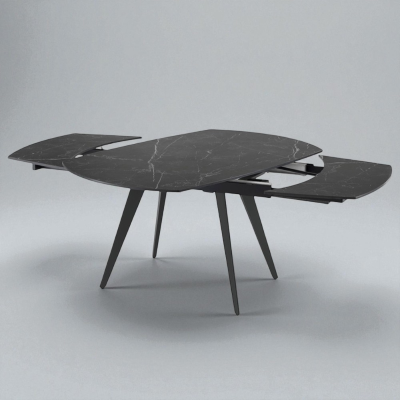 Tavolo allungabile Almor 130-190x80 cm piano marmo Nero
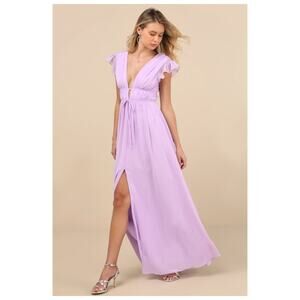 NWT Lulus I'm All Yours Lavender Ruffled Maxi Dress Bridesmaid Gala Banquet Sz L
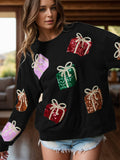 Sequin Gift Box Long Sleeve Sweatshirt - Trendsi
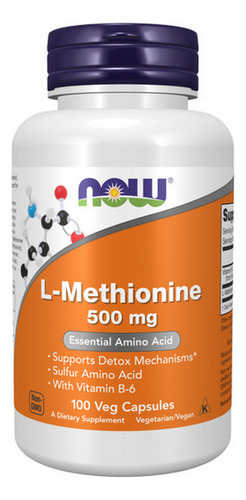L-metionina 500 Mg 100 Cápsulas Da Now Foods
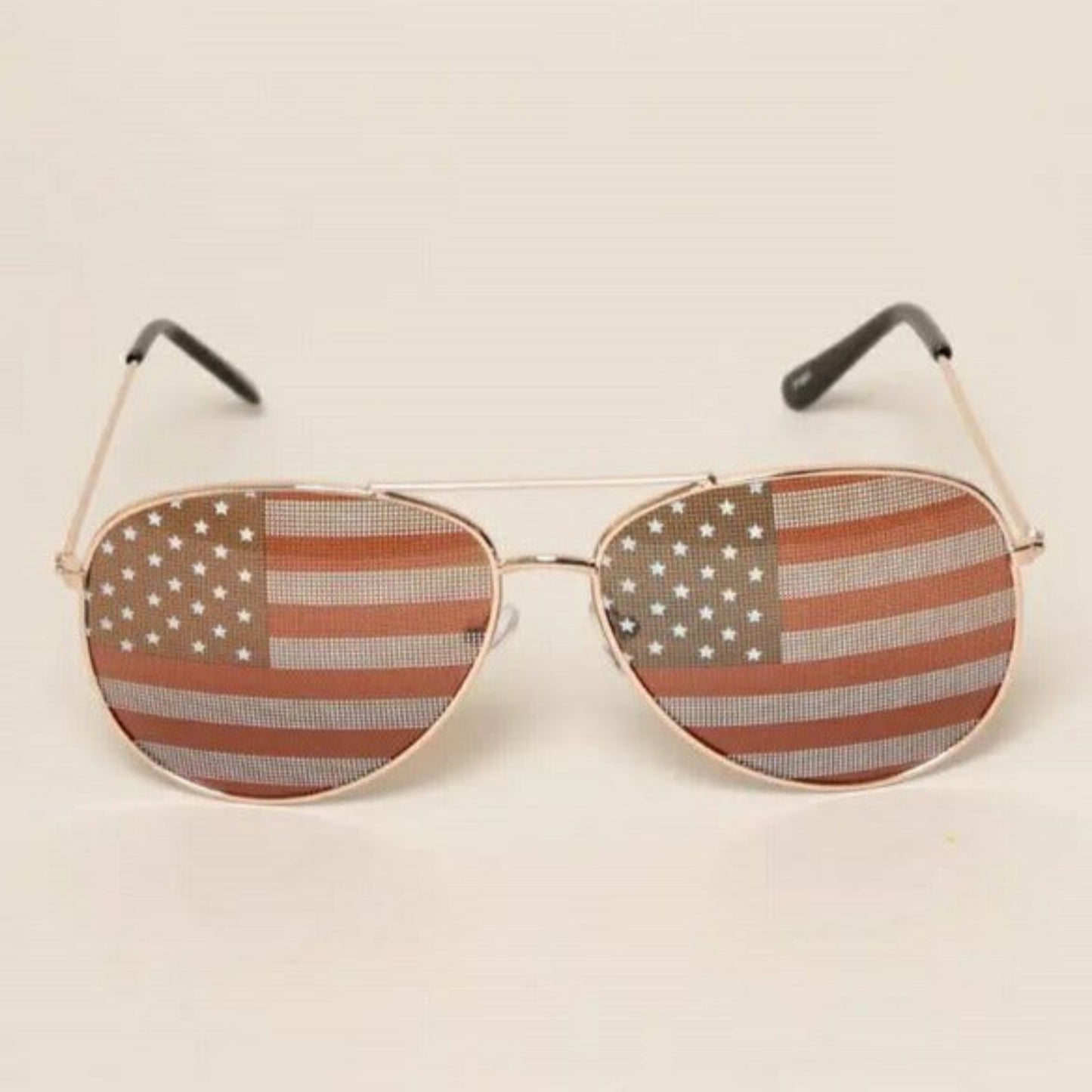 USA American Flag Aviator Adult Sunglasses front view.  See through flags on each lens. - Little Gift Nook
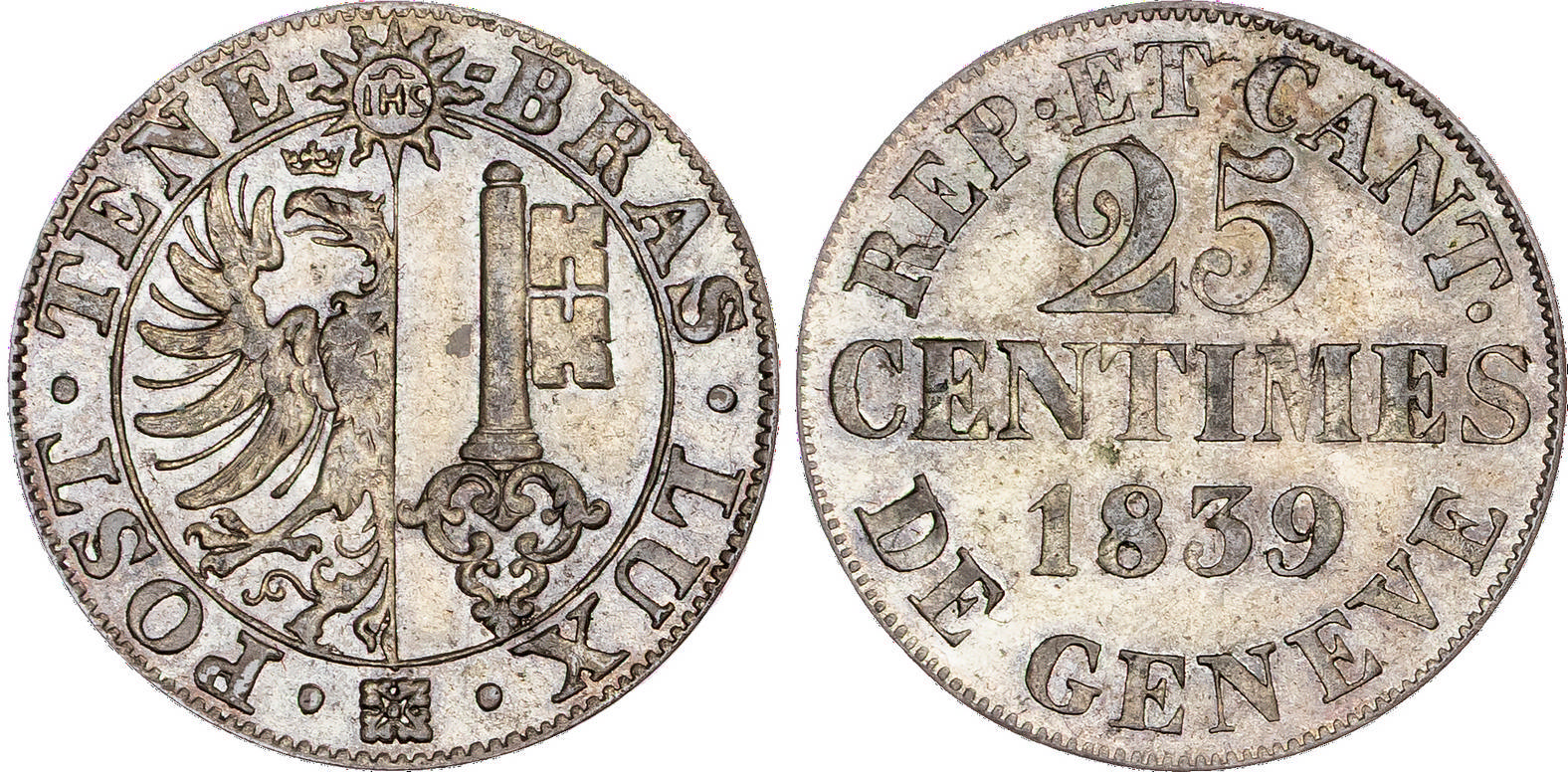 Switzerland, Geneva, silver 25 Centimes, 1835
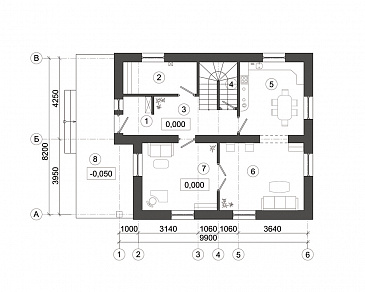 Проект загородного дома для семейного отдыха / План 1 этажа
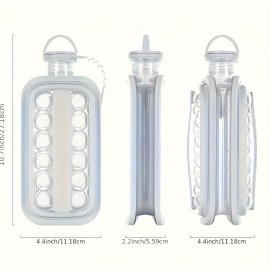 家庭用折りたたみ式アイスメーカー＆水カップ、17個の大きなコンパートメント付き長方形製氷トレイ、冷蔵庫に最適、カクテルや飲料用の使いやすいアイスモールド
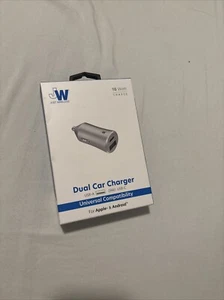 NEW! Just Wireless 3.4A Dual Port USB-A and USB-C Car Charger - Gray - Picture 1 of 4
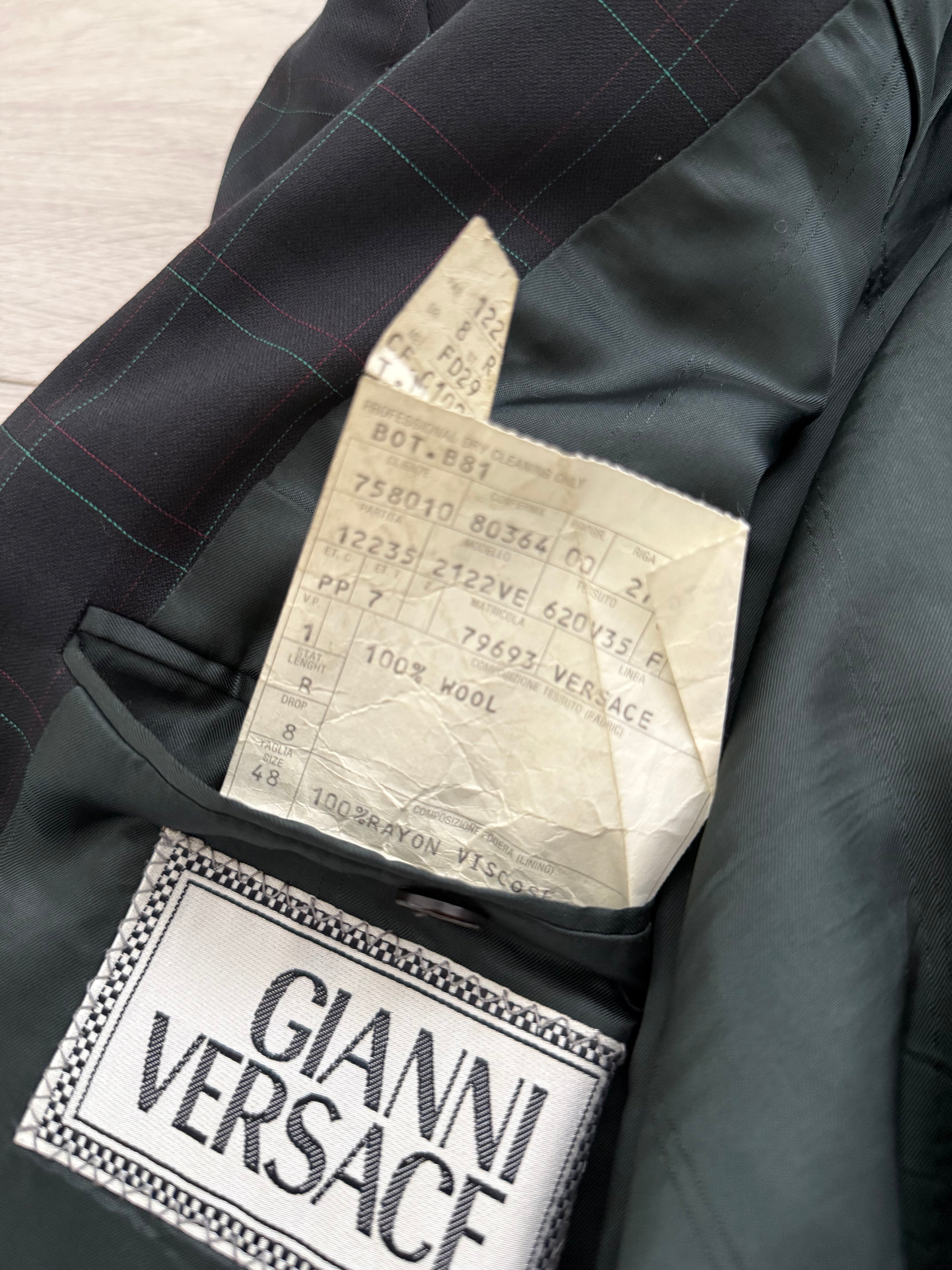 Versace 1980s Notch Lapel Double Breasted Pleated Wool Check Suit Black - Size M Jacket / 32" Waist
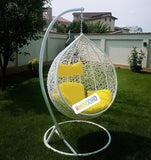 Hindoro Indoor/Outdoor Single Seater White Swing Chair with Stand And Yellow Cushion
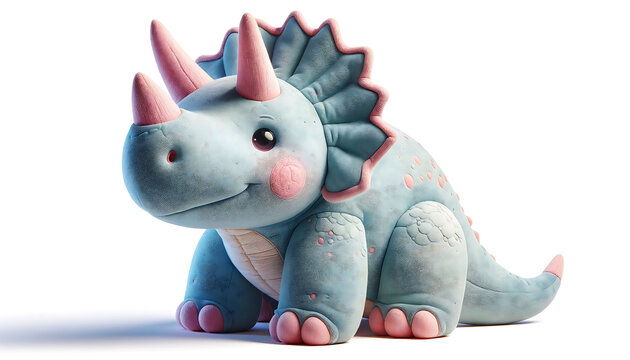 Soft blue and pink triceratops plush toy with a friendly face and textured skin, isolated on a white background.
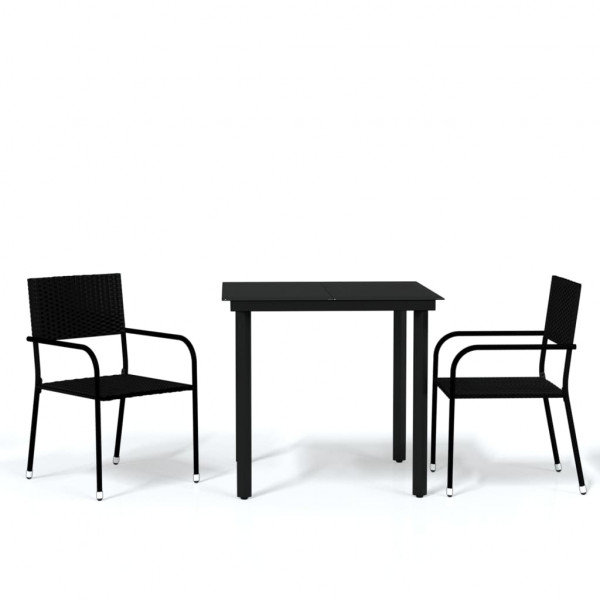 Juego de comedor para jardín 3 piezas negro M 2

□ □ □ □ □

• [TASK OBJECTIVE]: Make an exact copy of the lines of the records from the line containing "NWT Lulus I'm" through the final line, both ends included, but not of the pictures.

• [RESPONSE AREA]:
 NWT Lulus I'm All Yours Lavender Ruffled Maxi Dress Bridesmaid Gala Banquet Sz L
 Sequin Gift Box Long Sleeve Sweatshirt - Trendsi
L-metionina 500 Mg 100 Cápsulas Da Now Foods
 USA American Flag Aviator Adult Sunglasses front view.  See through flags on each lens. - Little Gift Nook
 Switzerland, Geneva, silver 25 Centimes, 1835
 Проект загородного дома для семейного отдыха / План 1 этажа
 家庭用折りたたみ式アイスメーカー＆水カップ、17個の大きなコンパートメント付き長方形製氷トレイ、冷蔵庫に最適、カクテルや飲料用の使いやすいアイスモールド
 NEW! Just Wireless 3.4A Dual Port USB-A and USB-C Car Charger - Gray - Picture 1 of 4
 Versace 1980s Notch Lapel Double Breasted Pleated Wool Check Suit Black - Size M Jacket / 32" Waist
 Hindoro Indoor/Outdoor Single Seater White Swing Chair with Stand And Yellow Cushion
 Soft blue and pink triceratops plush toy with a friendly face and textured skin, isolated on a white background.
 Juego de comedor para jardín 3 piezas negro M 2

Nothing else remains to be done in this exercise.